Aim of the exercise.
Lines with "Photo": copy each one from the listing below.

————————

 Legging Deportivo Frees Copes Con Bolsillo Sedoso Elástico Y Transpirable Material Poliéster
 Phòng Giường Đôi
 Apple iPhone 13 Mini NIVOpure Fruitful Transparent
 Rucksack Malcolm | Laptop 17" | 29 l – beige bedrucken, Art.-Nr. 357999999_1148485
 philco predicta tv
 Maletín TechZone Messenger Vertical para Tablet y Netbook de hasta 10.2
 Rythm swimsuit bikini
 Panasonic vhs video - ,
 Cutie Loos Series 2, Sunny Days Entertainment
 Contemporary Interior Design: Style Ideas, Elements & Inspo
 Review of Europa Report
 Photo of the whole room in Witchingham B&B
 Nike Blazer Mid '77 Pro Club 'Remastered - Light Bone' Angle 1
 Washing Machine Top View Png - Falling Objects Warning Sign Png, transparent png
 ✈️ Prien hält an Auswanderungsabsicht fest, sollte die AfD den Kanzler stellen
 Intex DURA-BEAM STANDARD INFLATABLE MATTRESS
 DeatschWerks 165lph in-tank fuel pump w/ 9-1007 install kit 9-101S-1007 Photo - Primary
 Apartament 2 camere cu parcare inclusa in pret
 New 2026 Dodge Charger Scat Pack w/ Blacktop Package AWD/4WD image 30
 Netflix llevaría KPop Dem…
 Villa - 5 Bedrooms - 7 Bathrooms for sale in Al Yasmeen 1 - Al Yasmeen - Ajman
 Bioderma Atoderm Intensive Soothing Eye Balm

————————

Finished task.
 Photo of the whole room in Witchingham B&B
 DeatschWerks 165lph in-tank fuel pump w/ 9-1007 install kit 9-101S-1007 Photo - Primary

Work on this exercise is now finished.